Как ни странно было Говорову представить, что можно смирить себя и продолжать жить рядом с Тасей в одном доме, не говоря ей ни слова о любви, держаться равнодушно, как с посторонним человеком, даже оставаясь с ней наедине, ему пришлось это сделать. Он любил Тасю, но прекрасно понимал, что развод с Маргаритой будет означать не просто чудовищный скандал, который изломает его жизнь, но и – самое страшное! – потерю детей. Какое это будет для них страшное горе! А ему как пережить презрение Кости, разочарование Лили? Нет, Лиля не будет презирать отца, но Маргарита никогда не отдаст ему дочь. Никогда, несмотря на свою ненависть к ней!
Говоров прекрасно знал, что его жена – человек с сильным характером. Она пойдет на все: на скандалы, на жалобы в обком, да куда угодно, вплоть до ЦК партии! – только бы отомстить мужу, если он только заикнется о разводе. А если он начнет доказывать, кто родная мать Лили, его сочтут сумасшедшим морально-бытовым разложенцем!
В него пальцами будут тыкать на улицах!
И Тася… Останется ли она с ним после скандалов – неизменных спутников развода?
Нет, не жестокое пророчество Шульгина об участи совхозного парторга испугало Говорова. Если бы с ним были Тася и Лиля… Ну и Костя, конечно, Костя! – он выдержал бы все. Но потерять их – нет, он не был готов к этому!
Поэтому и последовал совету Шульгина. И теперь держал себя как ни в чем не бывало. Даже ложился в постель с Маргаритой – представляя, что рядом с ним Тася…
Вряд ли жена оставалась довольна его торопливыми, скупыми ласками: ведь в эти минуты Говоров думал только о себе, о том, чтобы снять то неимоверное напряжение, в котором пребывал постоянно. Однако для Маргариты, кажется, имело огромное значение уже хотя бы то, что муж вернулся в супружескую постель и, пусть лишь внешне, у них нормальные отношения – и днем, и ночью.

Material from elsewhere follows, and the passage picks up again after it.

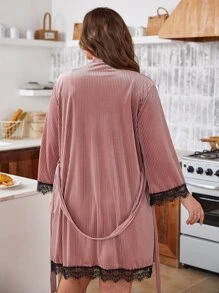 ribete con encaje con cinturón franela Bata & Vestido de tirantes Set - Rosa vieja - Ver 2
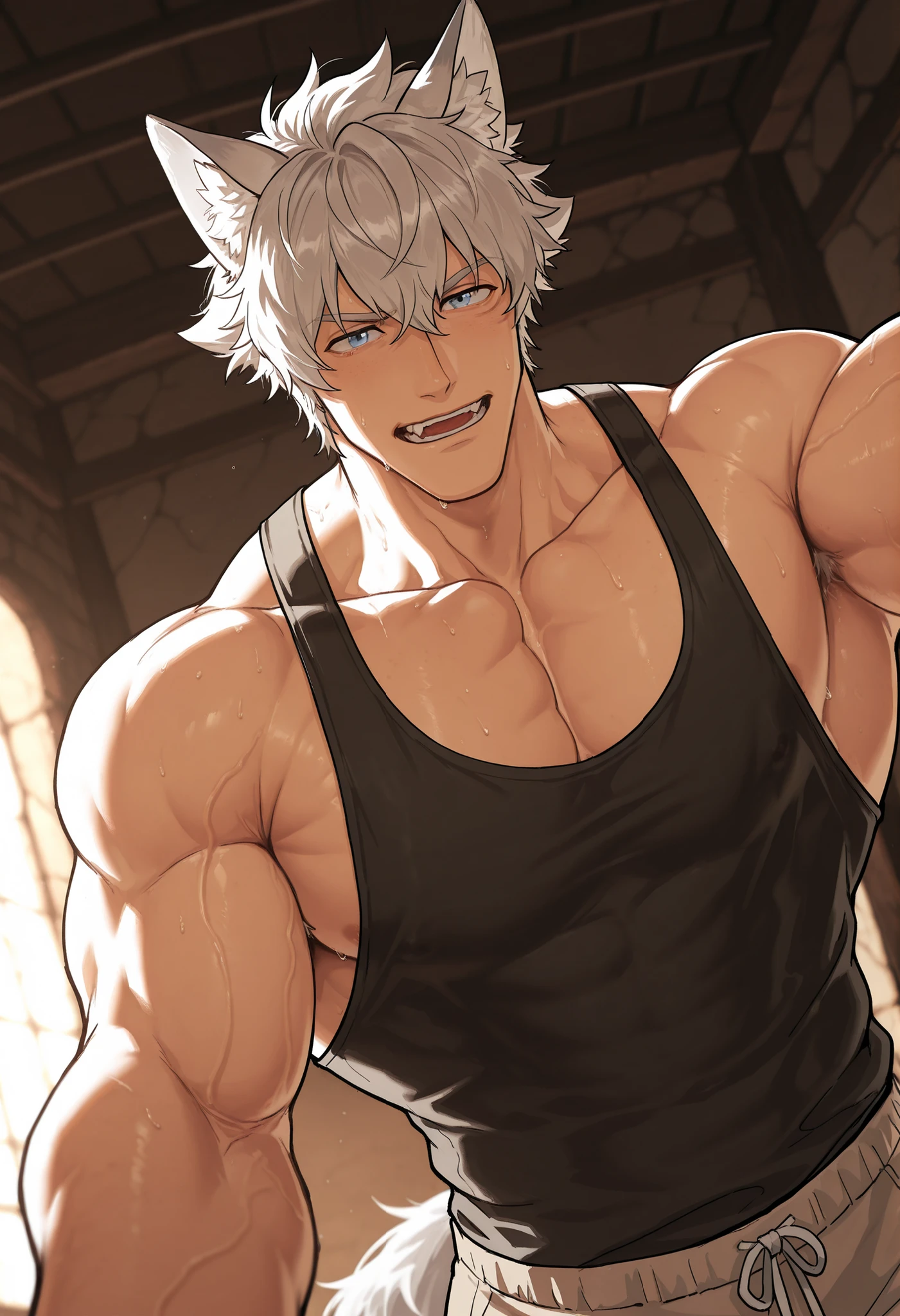 1 , alone)), wolf ears and tail, with a black tanktop shirt, in a dark room, cozy yellow light, bedroom with a brown color palette, view from a good angle, high resolution, masterpiece, ((short hair )) perspective correction,(( , confident gaze )) , anatomically correct muscles, white spiky hair, male focus , (well-detailed blue eyes , well done)) focus on the eyes), large pectorals, shaded, (masterpiece:1.35), (muy estético, best quality:1.3), shaded detallado, C, shaded realista, very detailed, masterful composition , cinematic and natural lighting, well done better result, background in a dark bedroom, detailed colors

Впрочем, Говоров иногда ловил на себе настолько холодный, изучающий взгляд жены, что чувствовал себя каким-то насекомым под микроскопом, за которым наблюдает некий исследователь.
Надо заметить, что он и сам проникся страстью к психологическим наблюдениям. Исподтишка присматривался к знакомым, сослуживцам, посторонним людям, с которыми встречался на совещаниях и пленумах, к своему начальству и пытался понять: неужели все они тоже терпят ложь, скуку, а порою и мучения в семейной жизни ради того, чтобы сохранить свою должность, чтобы их не исключили из партии, не ославили, не опозорили… не разлучили с детьми?!